● **EXERCISE**
Restate the last part of the records below word for word, beginning at the line with "Zaslíbená země - Reymont Wladyslav Stanislaw" and ending at the final line.

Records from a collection
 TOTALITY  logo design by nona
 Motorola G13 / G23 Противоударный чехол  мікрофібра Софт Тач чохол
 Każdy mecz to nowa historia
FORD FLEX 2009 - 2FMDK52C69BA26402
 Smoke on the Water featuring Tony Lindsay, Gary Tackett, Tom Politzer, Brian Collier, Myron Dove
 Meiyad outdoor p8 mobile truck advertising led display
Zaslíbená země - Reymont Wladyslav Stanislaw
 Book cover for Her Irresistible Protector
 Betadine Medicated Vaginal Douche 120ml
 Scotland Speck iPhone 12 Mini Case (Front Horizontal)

● **WRITTEN SOLUTION**
Zaslíbená země - Reymont Wladyslav Stanislaw
 Book cover for Her Irresistible Protector
 Betadine Medicated Vaginal Douche 120ml
 Scotland Speck iPhone 12 Mini Case (Front Horizontal)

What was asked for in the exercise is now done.